Mary-Dell Chilton, bióloga estadounidense considerada una de las fundadoras de la biotecnología vegetal moderna falleció a los 87 años. Su trabajo revolucionó la agricultura al demostrar que era posible transferir genes a plantas mediante bacterias, sentando las bases para los cultivos genéticamente modificados que hoy alimentan al mundo.
Su carrera científica despegó al desafiar una teoría predominante de los años 60 sobre la imposibilidad de que una bacteria (Agrobacterium tumefaciens) modificara el genoma de las plantas. En 1983, lideró el equipo que logró la primera planta transgénica, un hito publicado en la revista Nature que abrió las puertas a la ingeniería genética agrícola.
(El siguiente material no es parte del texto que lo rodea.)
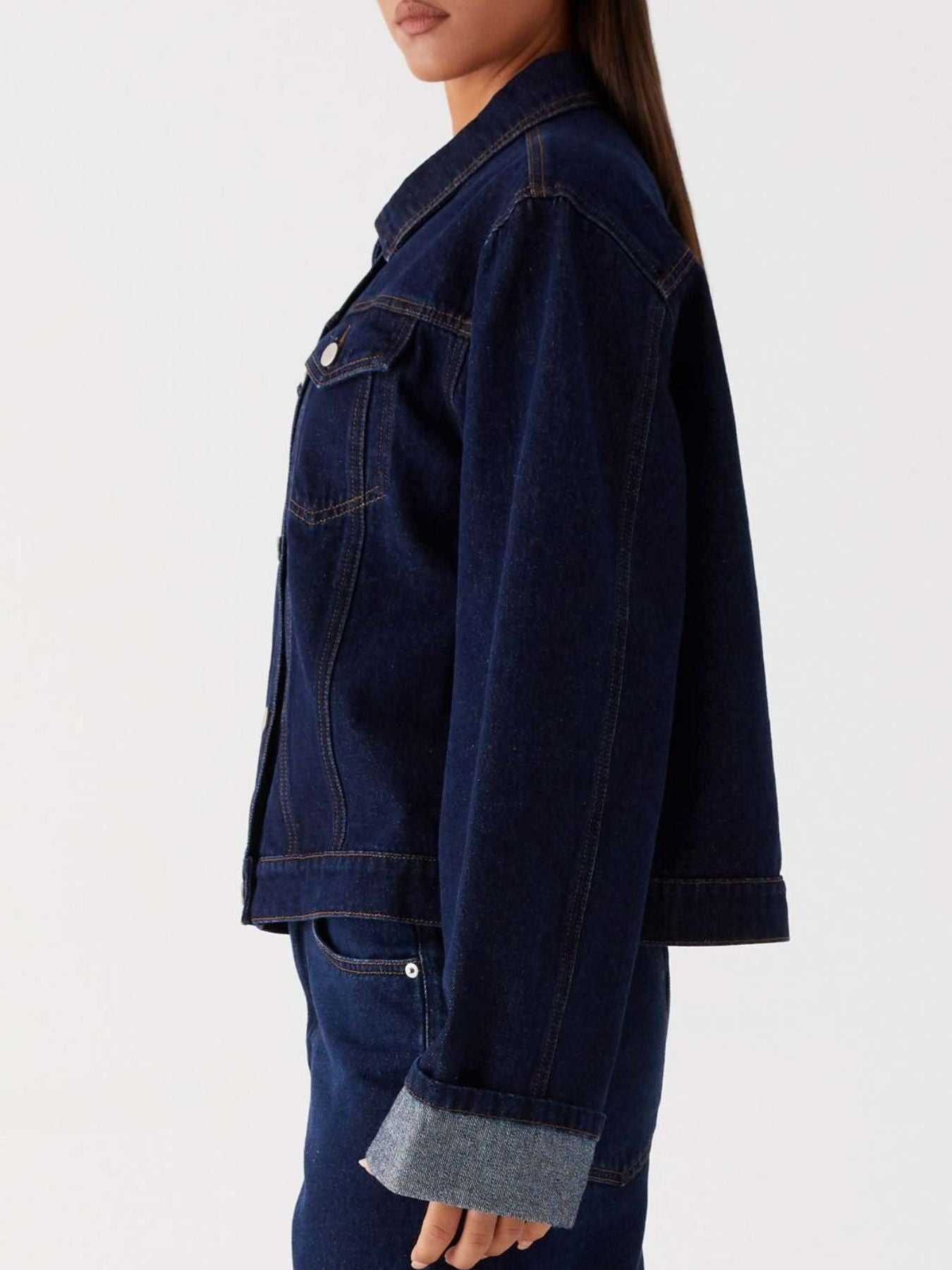 Dark blue oversized denim jacket with button-down front, cropped fit, from Trendsi, styled with long sleeves and classic denim texture.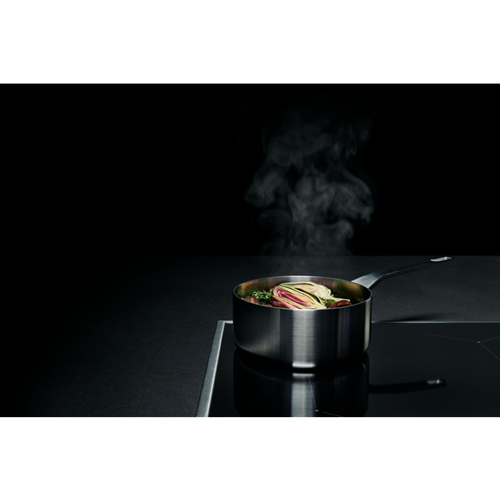 Een roestvrijstalen steelpan met eten erin, stoomt, op een zwart fornuis. Zwarte achtergrond.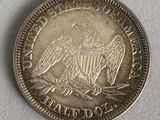a close up of a silver coin with an eagle on it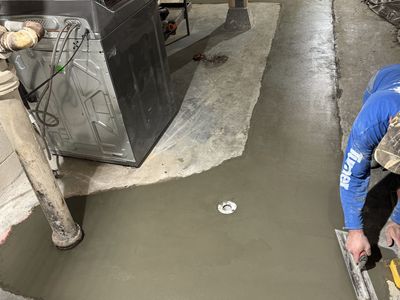 Concrete floor being hand-troweled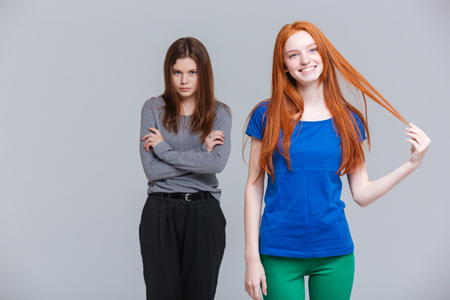 Two smiling redhead and upset brunette young women standing over white backgroundの写真素材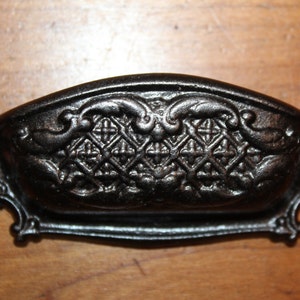 May include: Black cast iron drawer pull with an ornate design. The pull has a curved shape and a decorative pattern of swirls and diamonds.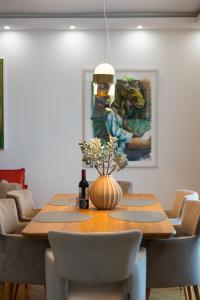 ein Esstisch mit Stühlen und ein Gemälde an der Wand in der Unterkunft Vienna Deluxe Residences - Schönbrunn in Wien + 25 Fotos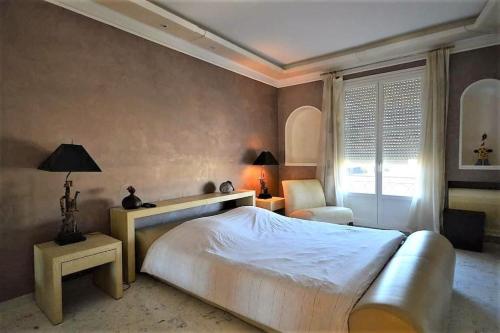 Un dormitorio con una gran cama blanca y una ventana en Palais Miramar Suite Art Modern - Derniere étages Vue Mer - 75m de confort - En Face des Plages -WIFI - Clim en Cannes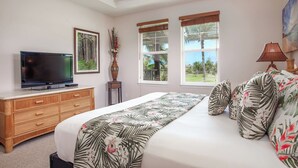 A bedroom with a bed, a TV on a wooden dresser, and two windows with blinds.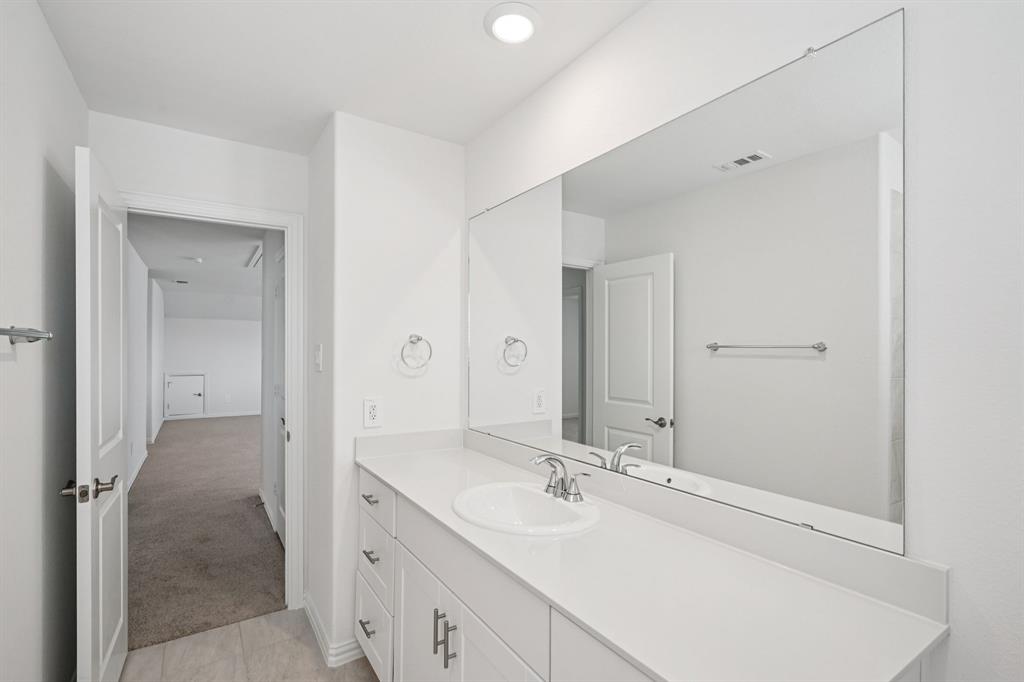 1705 Arches Road Anna, TX 75409 - Photo 26 of 29 Photo is not of the actual home, but is an inspirational photo of builder’s model home and may depict options, furnishings, and/or decorator features that are not included.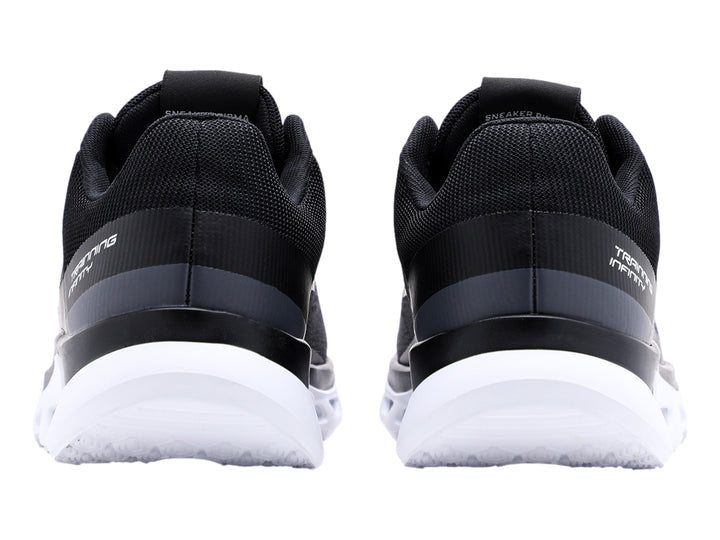 Tenis deportivos Pirma-Brasil color negro con suela blanca y tejido de malla.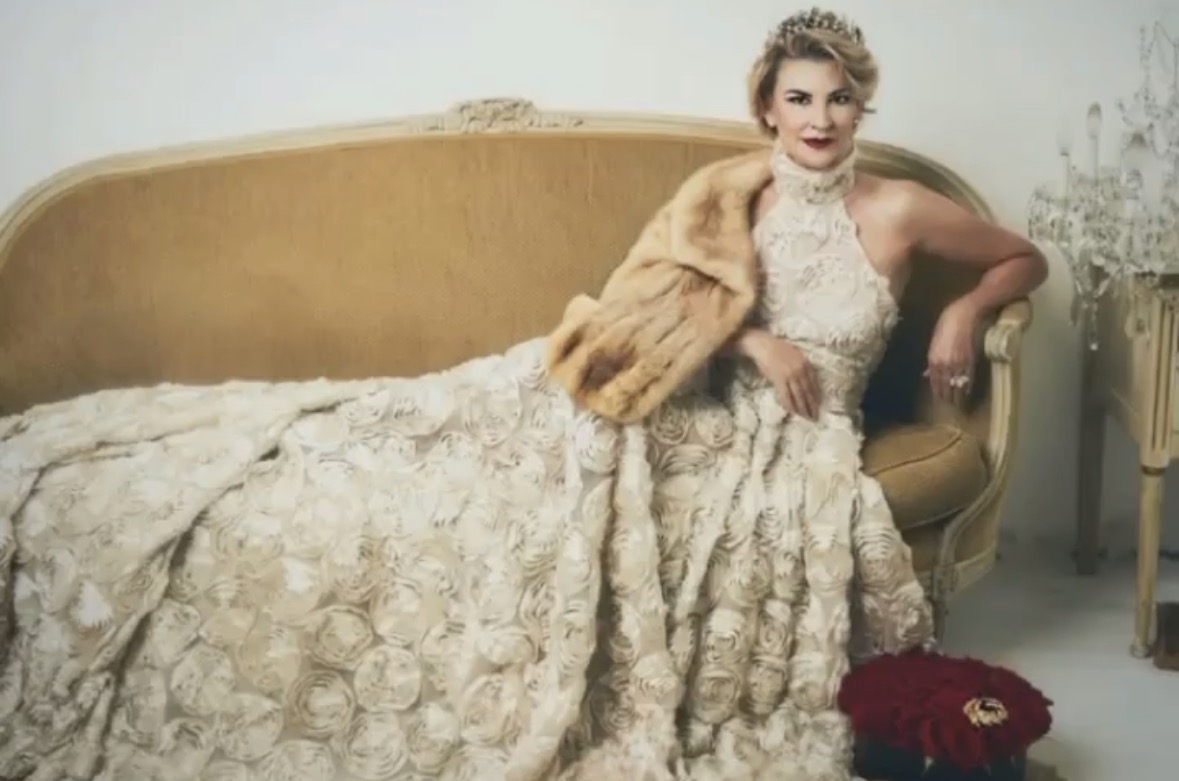 Woman in vintage dress and fur stole reclining on a yellow sofa in a decorated room.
Chilton trabajó en Ciba-Geigy (luego Syngenta), donde dirigió el centro de biotecnología y contribuyó al desarrollo de cultivos con mayor rendimiento, resistencia a plagas, sequías y enfermedades. Sus descubrimientos han permitido producir más alimentos con menos recursos, un avance clave ante el cambio climático y el crecimiento poblacional. Entre sus numerosos reconocimientos destacan el World Food Prize (2013, compartido), la Medalla Nacional de Tecnología e Innovación (entregada por el presidente Joe Biden en 2023), la inducción al National Inventors Hall of Fame y la membresía en la Academia Nacional de Ciencias de EE.UU. Se retiró de Syngenta en 2018 tras 35 años de servicio.